[whatwg] How to handle multitrack media resources in HTML

Mon Apr 11 08:19:23 PDT 2011

On Apr 8, 2011, at 8:54 AM, Ian Hickson wrote:

>> *) Discoverability is indeed an issue, but this can be fixed by defining 
>> a common track API for signalling and enabling/disabling tracks:
>> 
>> {{{
>> interface Track {
>>  readonly attribute DOMString kind;
>>  readonly attribute DOMString label;
>>  readonly attribute DOMString language;
>> 
>>  const unsigned short OFF = 0;
>>  const unsigned short HIDDEN = 1;
>>  const unsigned short SHOWING = 2;
>>  attribute unsigned short mode;
>> };
>> 
>> interface HTMLMediaElement : HTMLElement {
>>  [...]
>>  readonly attribute Track[] tracks;
>> };
>> }}}
> 
> There's a big difference between text tracks, audio tracks, and video 
> tracks. While it makes sense, for instance, to have text tracks enabled 
> but not showing, it makes no sense to do that with audio tracks. 

Audio and video tracks require more data, hence it's less preferred to allow them being  enabled but not showing. If data wasn't an issue, it would be great if this were possible; it'd allow instant switching between multiple audio dubs, or camera angles. 

In terms of the data model, I don't believe there's major differences between audio, text or video tracks. They all exist at the same level - one down from the main presentation layer. Toggling versus layering can be an option for all three kinds of tracks.
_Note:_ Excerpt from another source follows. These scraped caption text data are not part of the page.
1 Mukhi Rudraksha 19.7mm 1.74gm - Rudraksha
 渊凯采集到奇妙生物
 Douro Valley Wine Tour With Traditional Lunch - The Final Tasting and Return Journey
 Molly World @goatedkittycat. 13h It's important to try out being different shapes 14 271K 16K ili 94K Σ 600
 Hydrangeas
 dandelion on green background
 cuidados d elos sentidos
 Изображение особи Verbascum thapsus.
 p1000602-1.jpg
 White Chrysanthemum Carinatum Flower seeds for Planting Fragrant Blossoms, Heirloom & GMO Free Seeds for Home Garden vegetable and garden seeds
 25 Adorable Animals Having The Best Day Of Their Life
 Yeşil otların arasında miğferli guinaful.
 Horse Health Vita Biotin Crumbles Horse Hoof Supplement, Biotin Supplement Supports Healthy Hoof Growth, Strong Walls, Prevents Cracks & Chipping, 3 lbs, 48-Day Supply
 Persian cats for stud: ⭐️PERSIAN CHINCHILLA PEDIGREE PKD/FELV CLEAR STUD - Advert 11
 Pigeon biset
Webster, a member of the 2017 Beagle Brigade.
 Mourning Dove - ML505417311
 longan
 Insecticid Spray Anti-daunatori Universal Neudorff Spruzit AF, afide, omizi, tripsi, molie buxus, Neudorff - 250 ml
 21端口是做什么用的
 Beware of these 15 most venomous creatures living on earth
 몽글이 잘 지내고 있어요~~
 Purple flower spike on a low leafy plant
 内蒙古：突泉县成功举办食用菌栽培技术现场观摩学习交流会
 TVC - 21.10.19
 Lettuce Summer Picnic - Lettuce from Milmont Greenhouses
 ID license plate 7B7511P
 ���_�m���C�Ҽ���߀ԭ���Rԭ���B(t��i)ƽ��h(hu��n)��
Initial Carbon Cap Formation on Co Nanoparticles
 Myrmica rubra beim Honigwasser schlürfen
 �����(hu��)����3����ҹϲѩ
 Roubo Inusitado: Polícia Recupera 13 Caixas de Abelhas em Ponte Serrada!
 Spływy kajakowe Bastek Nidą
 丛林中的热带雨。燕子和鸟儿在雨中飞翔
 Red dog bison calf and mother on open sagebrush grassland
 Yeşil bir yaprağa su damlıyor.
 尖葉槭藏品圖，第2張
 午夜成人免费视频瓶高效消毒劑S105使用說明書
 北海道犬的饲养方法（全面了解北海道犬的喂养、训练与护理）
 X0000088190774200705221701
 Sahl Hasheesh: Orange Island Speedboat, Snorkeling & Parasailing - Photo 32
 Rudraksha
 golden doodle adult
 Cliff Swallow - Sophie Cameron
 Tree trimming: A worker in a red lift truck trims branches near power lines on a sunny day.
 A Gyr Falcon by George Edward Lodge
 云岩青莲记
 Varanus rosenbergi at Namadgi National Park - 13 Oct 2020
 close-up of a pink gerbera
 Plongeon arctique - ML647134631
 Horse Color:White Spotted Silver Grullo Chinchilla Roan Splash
For example, multiple video tracks can be mixed together in one media element's display. Think about PiP, perspective side by side  (Stevenote style) or a 3D grid (group chat, like Skype). Perhaps this should be supported instead of relying upon multiple video elements, manual positioning and APIs to knit things together. One would loose in terms of flexibility, but gain in terms of API complexity (it's still one "video") and ease of implementation for HTML developers.

- Jeroen